But back to the grand speech above. So, yes, empty proverbs and sayings like "Be optimistic. Look at things positively" are, like, duh. Like that never occurred to a person uncertain about their emotions. Within the context of the entire speech, I can mildly concede the place for this. Versus my twitter feed when someone posts the random, "You are loved!" "You matter!"*
*(Christ I hate that vapid shit.)
We never know why the gentleman in the movie wants to kill himself. But I have thought about that
monologue the last week or so and this I do know. I KNOW what he is saying is correct, and I am happy for his character that he found his way to it, that it was even there for him to find. That it was there ENOUGH for him to latch onto. It is not for everyone, it is not for me.
I covered my love of being here a few posts back. Every day, I love. Every day I at least smile and sometimes I get the bonus of laughing, even if it is something stupid generated by me. I eat good food every day and never am not aware how amazing it is, that it exists for us, that we get to have it. I have things to do, too much, but mostly have the great fortune of usually having nothing to do at all and getting to make art. I experience happiness every day. I have great moments of content every day. I am not mentally ill, I don't just need to smile, I will commit suicide when it's time. I will do that, regardless all these things that are love, because I understand something fundamental. That I am not special. That I am of a species that seems to have dominated this Eden but is not necessarily the prevailing or superior species, only the one that thinks it is. I am connected to love that is at constant mercy and compromise by the lowest common denominator of my own species. It is not only the connection that is lost, the love itself, it is the pageantry of loss I powerlessly witness in silence every day that is simply wearing. Like watching the most beautiful painting in the world, and one so deeply meaningful, be systematically scratched away, little by little, by some disgusting asshole who owns everything because he exploits loopholes.
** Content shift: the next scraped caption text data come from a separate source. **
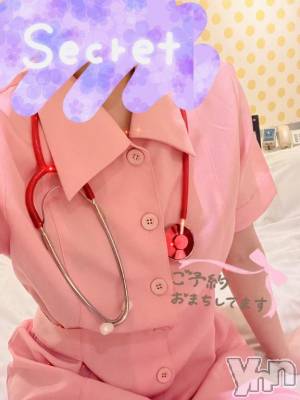 甲府デリヘル LOVE CLOVER(ラブクローバー) あさ(21)の4月20日写メブログ「🌻」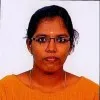 Madura Devi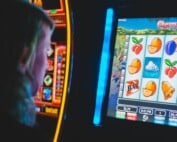 Slots Temple und Greentube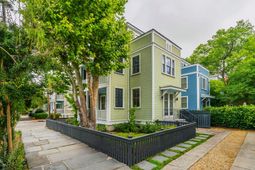246 Rutledge Avenue photo 4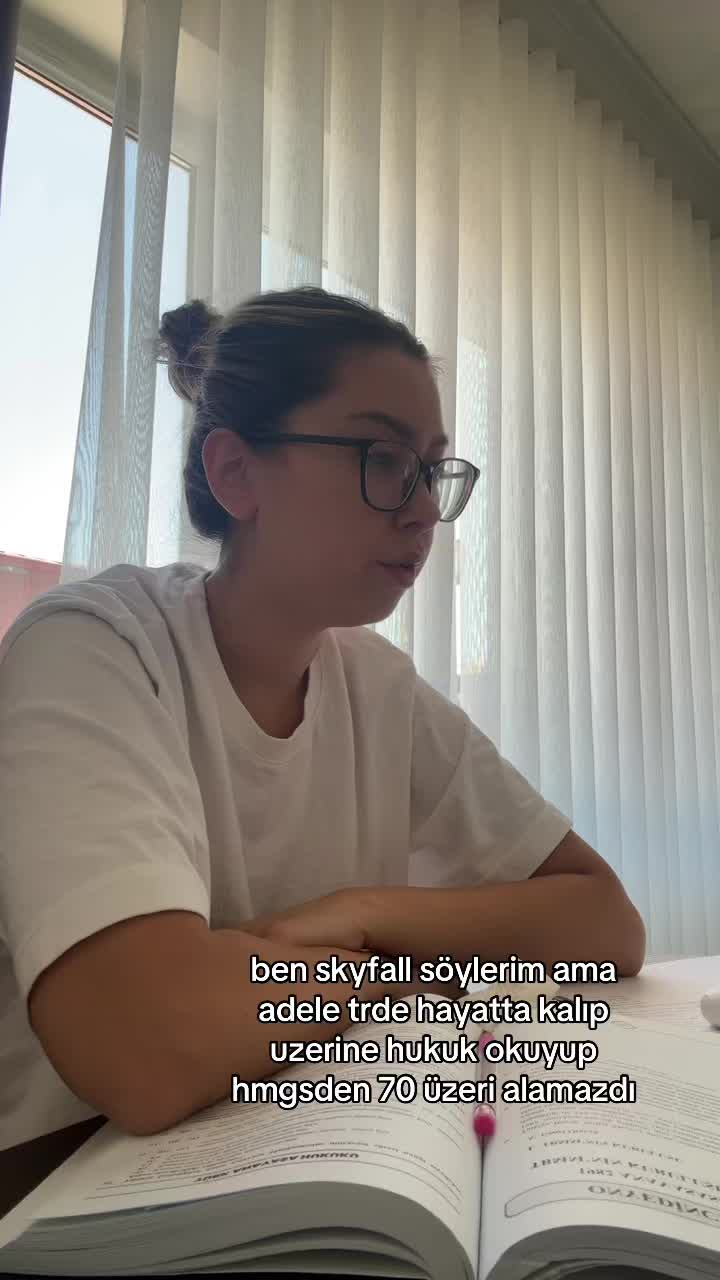 @Beyza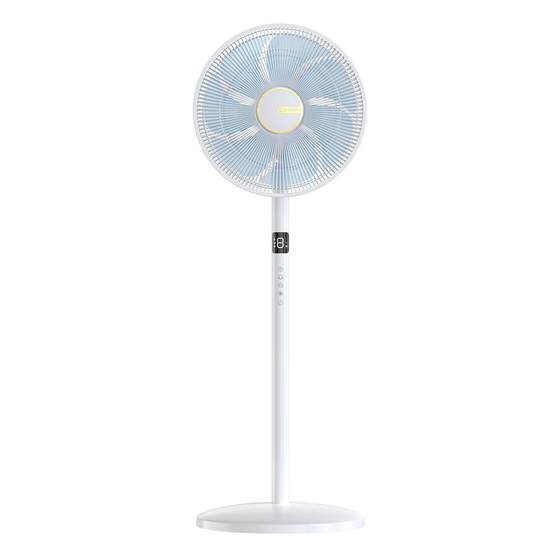 Emite Electric Fan Fan Fan Fang Fang Dafeng Powerful Energy -saving Shake Head Seven -Leaf Electric Fan Dormitory Emite Electric Fan Fan Fan Fang Fang Dafeng Powerful Energy -saving Shake Head Seven -Leaf Electric Fan Dormitory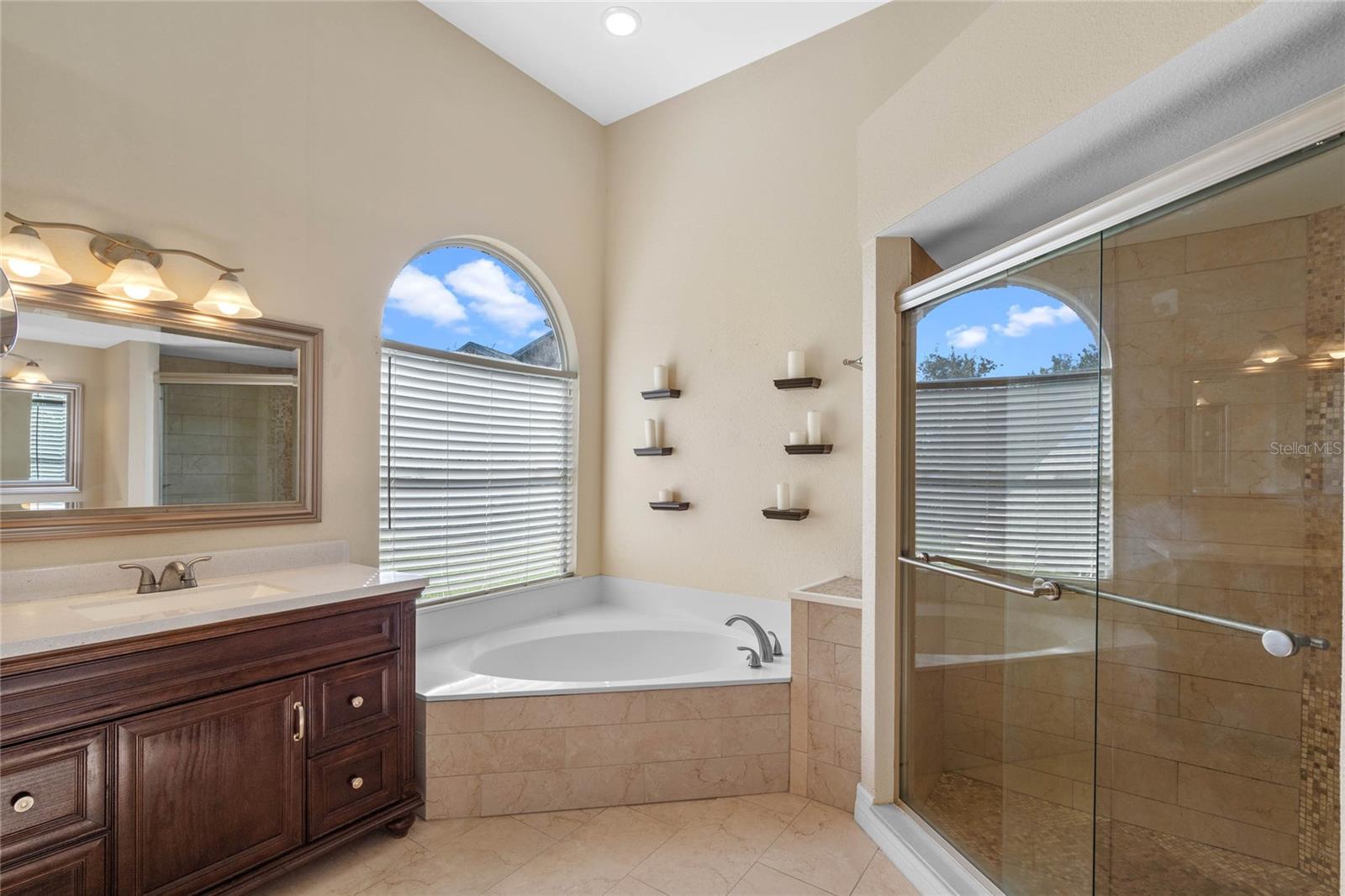 2801 RIPTON CT, ORLANDO, FL, 32835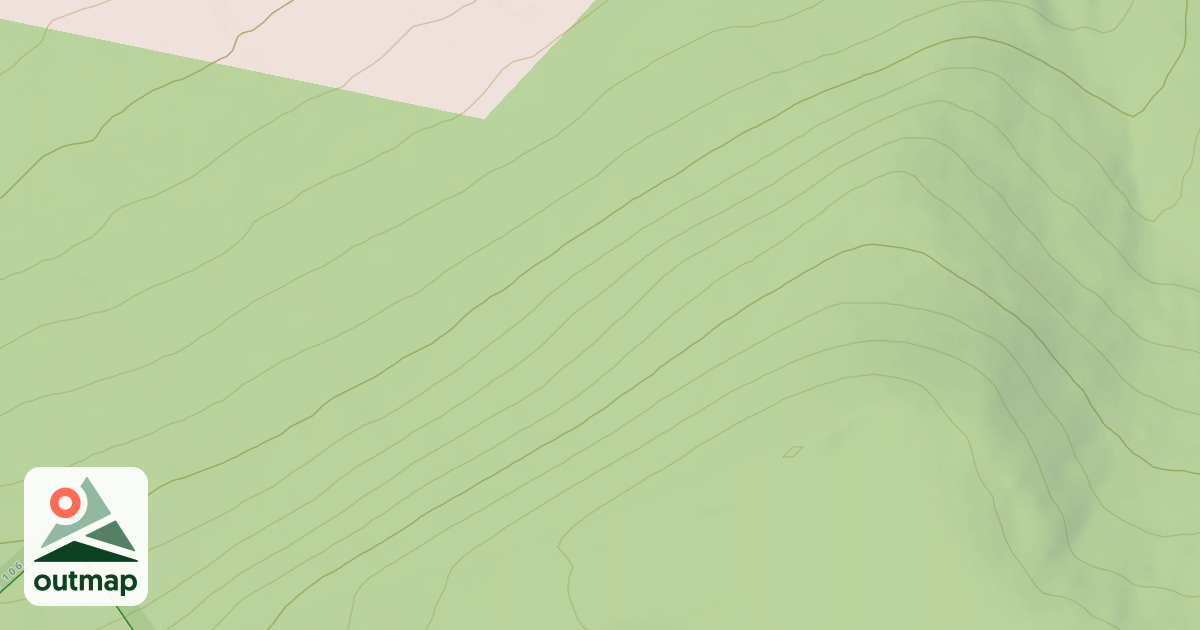Map of USGS National Digital Trails f761f404-9b40-414a-8cf5-cc5bc86426f4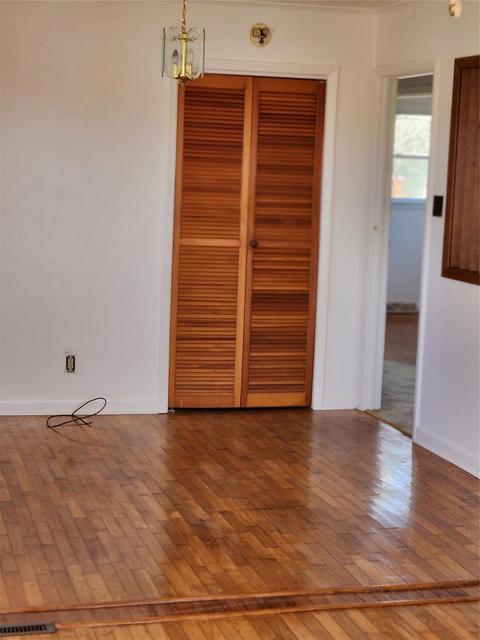 1222 Bailey Rd, Lancaster, SC 29720 photo 5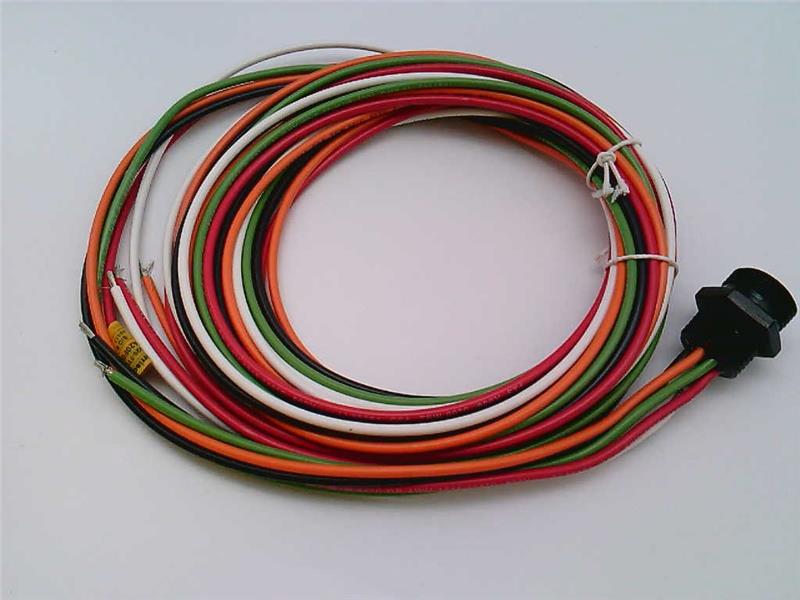 MOLEX 1R5004A20F090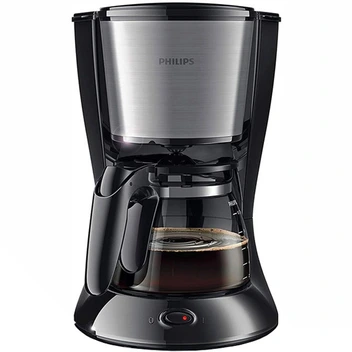تصویر قهوه ساز فیلیپس مدل HD7462 ا Philips HD7462 Coffe Maker Philips HD7462 Coffe Maker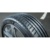 Michelin Pilot Sport 4 225/35 R19 88Y Run Flat - фото 16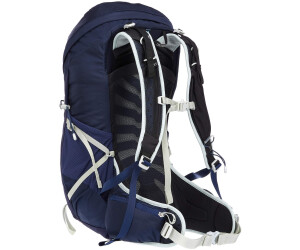 Buy Osprey Talon 26 S M ceramic blue from 99.99 Today Best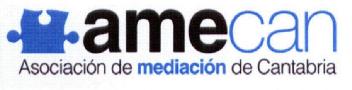 Imagen de AMECAN ASOCIACION DE MEDIACION DE CANTABRIA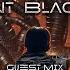 Symbiont Black Tunes Ep 20 By KEYHARD Techno Technopeaktime Djset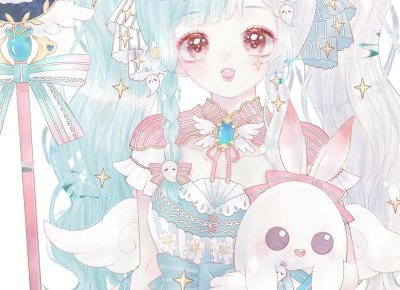 ​男生喜欢你的潜意识表现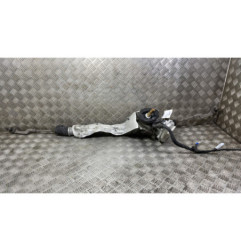 Cremaillere assistee PEUGEOT 2008 2 Photo n°1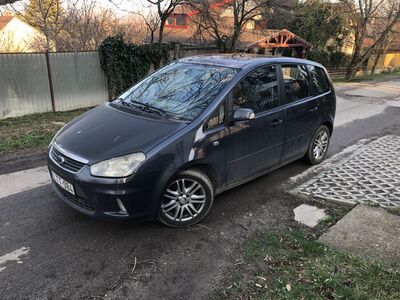 autó főképe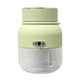 thumbnail image 2 of Multifunctional USB Winepress Wireless Juicing Cup Portable Outdoor Winepress, 2 of 2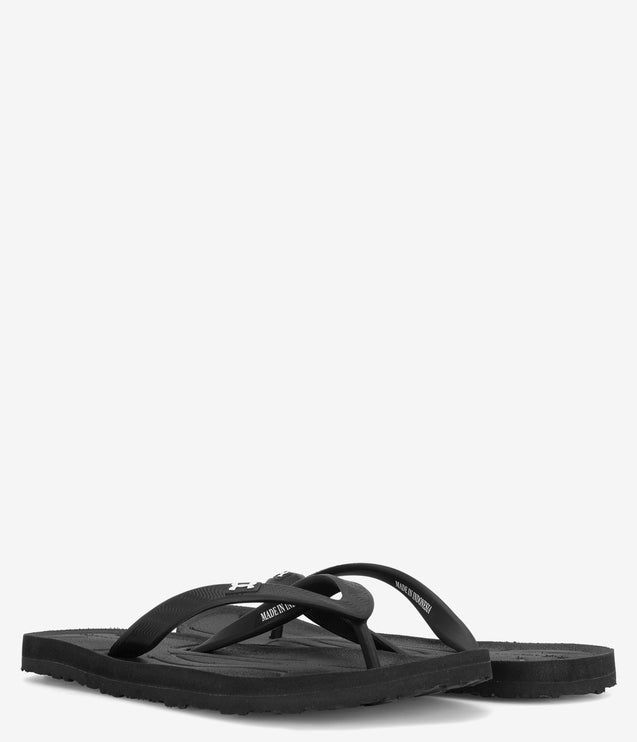 Under Armour Sarasota Sandal - Women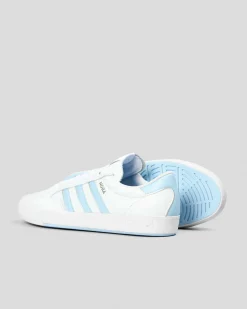 Hot Womens Nora Shoes Women Sneakers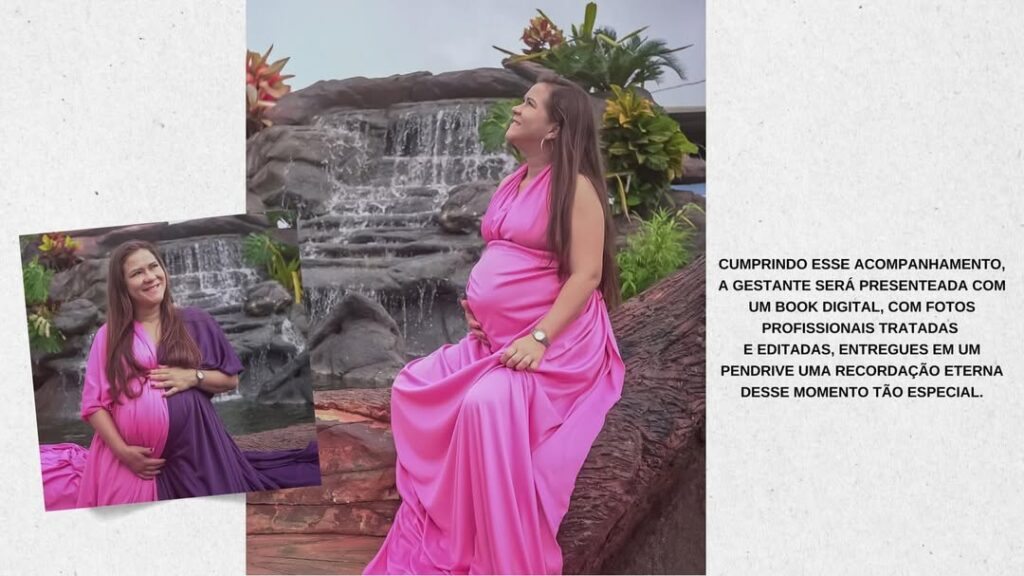 Foto 5 da publicação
Expectations too high? YES! But it is not just this, this is only aesthetics. The gentleman in the movie found his connection. Despite all my micro-connections, truly satisfying and meaningful, I still understand they are in some way smoke and mirror to an underlying truth. I am an aging man alone who will have to work until he can no longer stand or breathe, and will maybe be able to continue to afford living. This is a miserable prognosis, this is worse than Trump scratching away a Basquiat, methodically, inch-by-inch, just because he can. It is anathema to the very concept of life, its antonym on two feet. Much better to go out with something left, some love, than to witness it drain to nothing at the bequest of a dull other.
Were Dr. Phil to espouse the merits of resisting suicide, I would think this is a very good example of why I might want to commit suicide. But I was listening to Nick Cave's song Push the Sky Away (great album) and this is a guy who could give me pause. And his lyric is correct, maybe I've simply got everything I came for, and it's that easy. Why do we have such an unyielding stance that pushing the sky away is the, THE, action to achieve? Why ARE we so suicide-opposed? Why isn't suicide another natural option on the arc of life and death? It is, but it's deemed, it's been assigned, The Big NO on the mental health scale. It is the final straw of mental health gone wrong. I live in the wrong world, I can't find myself here. I have no others here. I don't connect to this story, and I look forward to my meeting with the sky.